Expansion of the MP ontology and review of its hierarchical structure occurs in collaboration with new phenotype annotation projects when the need for additional granularity of terms is anticipated. In addition, collaborative review of particular systems by expert editors together with subject area specialists helps create terms and structures that are intuitive and useful to those communities. Recent additions and revisions include the respiratory system, renal/urinary system, and cardiovascular system (with significant structural reorganization) that expanded the MP by 714 terms. To accommodate data being generated by large-scale phenotyping efforts at the Wellcome Trust Sanger Institute (hereafter, Sanger Institute) Mouse Genetics Program (http://www.sanger.ac.uk/mouseportal
) and from the EUMORPHIA (Brown et al. 2005
; Mandillo et al. 2008
) and EUMODIC (Beck et al. 2009
; Morgan et al. 2010
) European large-scale phenotyping efforts, MP added 38 new population-level lethality terms. These lethality terms also will support data forthcoming from the IMPC projects. Furthermore, 196 new MP homeostasis terms now describe the results of phenotype pipeline tests generated by these centers. When new MP terms are added or revised from these annotation projects or from user requests, relevant existing phenotype annotations at MGI are triggered for review and revised to reflect the new terminology as appropriate.
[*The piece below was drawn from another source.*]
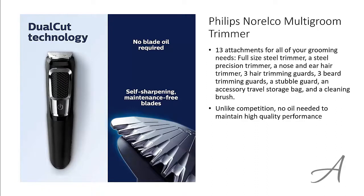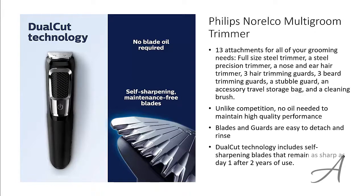Unlike other trimmers in the market, there is no oil needed to maintain a high quality performance on this trimmer. The blades and guards that come along with this set are easy to detach and rinse. The dual cut technology includes self-sharpening blades that remain as sharp as day 1 after 2 years of use.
Along with cardiovascular system term revisions, Fyler codes (Keane et al. 2006
), a systematic, hierarchical classification of congenital heart disease (see example in Fig. ), were included as secondary IDs to the primary MP ID. Fyler codes align the MP to current standards of the cardiac disease research community and its representation in the research and clinical literature. These codes are consistent with the International Pediatric and Congenital Cardiac Codes (IPCCC, http://www.ipccc.net
) and enable users to search for congenital heart defects using these codes, IDs, or term names, with comprehensive retrieval of information.